Basic Auto-diff¶
One of Slang’s most powerful features is its auto-diff capabilities, documented in detail here. SlangPy carries this feature over to Python, allowing you to easily calculate the derivative of a function.
A differentiable function¶
Let’s start with a simple polynomial function:
[Differentiable]
float polynomial(float a, float b, float c, float x) {
return a * x * x + b * x + c;
}
Note that it has the [Differentiable]
attribute, which tells Slang to generate the backward propagation function.
The Tensor type¶
To store simple differentiable data, SlangPy utilizes the Tensor
type. Here we’ll initialize one from the data in a numpy array and use it to evaluate a polynomial.

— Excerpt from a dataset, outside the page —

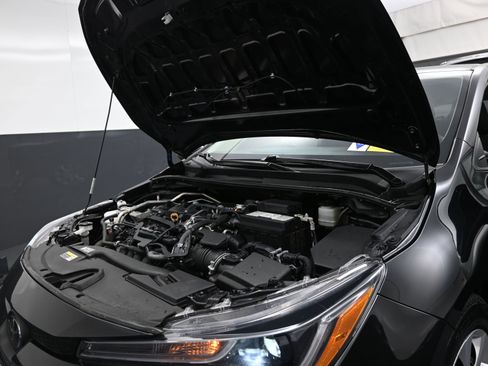 Used 2023 Toyota Corolla LE image 31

# Create a tensor with attached grads from a numpy array
# Note: We pass zero=True to initialize the grads to zero on allocation
x = spy.Tensor.numpy(device, np.array([1, 2, 3, 4], dtype=np.float32)).with_grads(zero=True)
# Evaluate the polynomial and ask for a tensor back
# Expecting result = 2x^2 + 8x - 1
result: spy.Tensor = module.polynomial(a=2, b=8, c=-1, x=x, _result='tensor')
print(result.to_numpy())
By specifying _result='tensor'
, we ask SlangPy to return the result as a Tensor
. Equally, we could have pre-allocated
a tensor to fill in:
result = spy.Tensor(device, element_type=module.float, shape=(4,))

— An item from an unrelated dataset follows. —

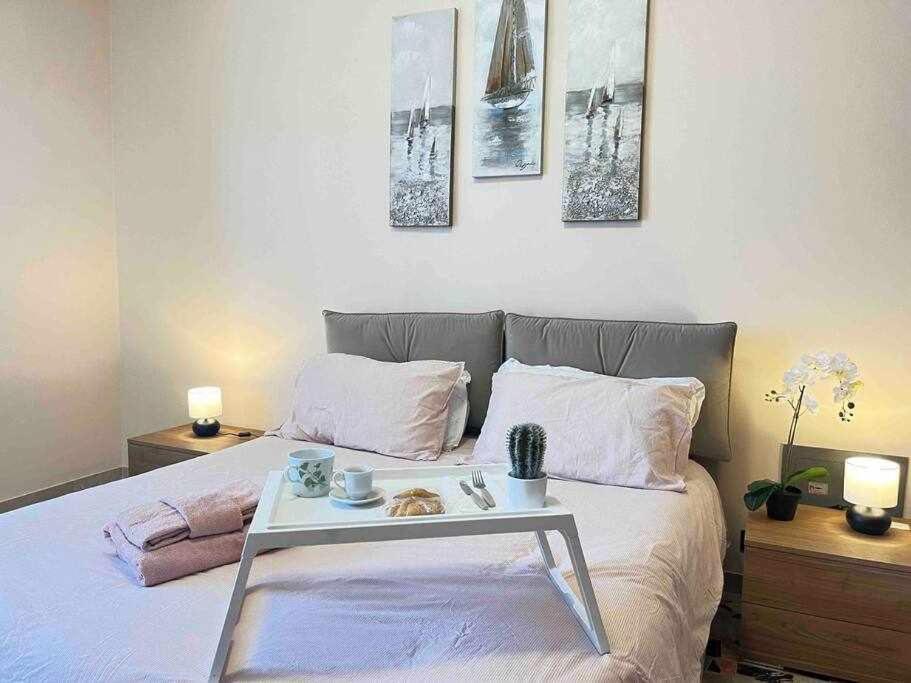 Appartamento A Pochi Passi Dalla Stazione Comodo A Coppie E Famiglie, Casa Ferrucci Collegno Eksteriør billede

module.polynomial(a=2, b=8, c=-1, x=x, _result=result)
Or we could have used the return_type
modifier:
result: spy.Tensor = module.polynomial.return_type(Tensor)(a=2, b=8, c=-1, x=x)

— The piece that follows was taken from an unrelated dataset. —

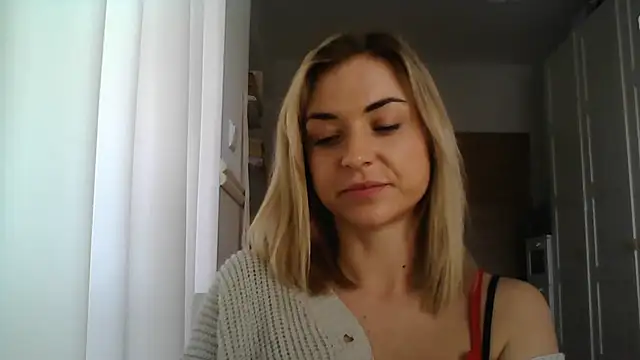 ashley xlove online show from January 22, 2025, 10:50 am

In all cases, we end up with a result tensor that contains the evaluated polynomial.
Backward pass¶
Now we’ll attach gradients to the result and set them to 1, then run back propagation:
# Attach gradients to the result, and set them to 1 for the backward pass
result = result.with_grads()
result.grad.storage.copy_from_numpy(np.array([1, 1, 1, 1], dtype=np.float32))
# Call the backwards version of module.polynomial
# This will read the grads from _result, and write the grads to x
# Expecting result = 4x + 8
module.polynomial.bwds(a=2, b=8, c=-1, x=x, _result=result)
print(x.grad.to_numpy())
That’s the lot! The call to bwds
generates a kernel that calls bwds_diff(polynomial)
in Slang, and automatically
deals with passing in/out the correct data.
It is worth noting that SlangPy currently always accumulates gradients, so you will need to ensure gradient buffers
are zeroed. In the demo above, we used zero=True
when creating the tensor to do so.
If you’re familiar with ML frameworks such as PyTorch, the big difference is that SlangPy is (by design) not a host side auto-grad system. It does not record an auto-grad graph, and instead requires you to explicitly call the backward function, providing the primals used in the forward call. However, SlangPy provides strong integration with PyTorch and all its auto-grad features.
Summary¶
Use of auto-diff in SlangPy requires:
- Marking your function as differentiable
- Using the Tensor
type to store differentiable data
- Calling the bwds
function to calculate gradients
SlangPy’s tensor type currently only supports basic types for gradient accumulation due to the need for atomic accumulation. However, we intend to expand this to all struct types in the future.